Segment Start: Given data
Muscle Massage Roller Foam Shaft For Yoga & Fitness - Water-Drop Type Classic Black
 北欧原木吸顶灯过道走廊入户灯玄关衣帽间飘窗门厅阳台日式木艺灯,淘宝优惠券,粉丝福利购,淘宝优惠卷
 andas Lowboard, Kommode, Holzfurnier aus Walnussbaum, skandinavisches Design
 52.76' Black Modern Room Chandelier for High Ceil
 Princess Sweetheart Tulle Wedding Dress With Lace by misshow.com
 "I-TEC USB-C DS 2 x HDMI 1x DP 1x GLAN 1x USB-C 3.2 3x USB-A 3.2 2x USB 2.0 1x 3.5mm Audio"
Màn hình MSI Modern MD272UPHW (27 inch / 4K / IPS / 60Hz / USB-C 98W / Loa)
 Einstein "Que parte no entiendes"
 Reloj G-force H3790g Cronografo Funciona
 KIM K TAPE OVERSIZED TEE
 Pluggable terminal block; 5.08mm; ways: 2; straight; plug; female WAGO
Segment End: Given data
● Activity
Only the lines containing the word "Black" should be returned from the data above.

● Exercise result
Muscle Massage Roller Foam Shaft For Yoga & Fitness - Water-Drop Type Classic Black
 52.76' Black Modern Room Chandelier for High Ceil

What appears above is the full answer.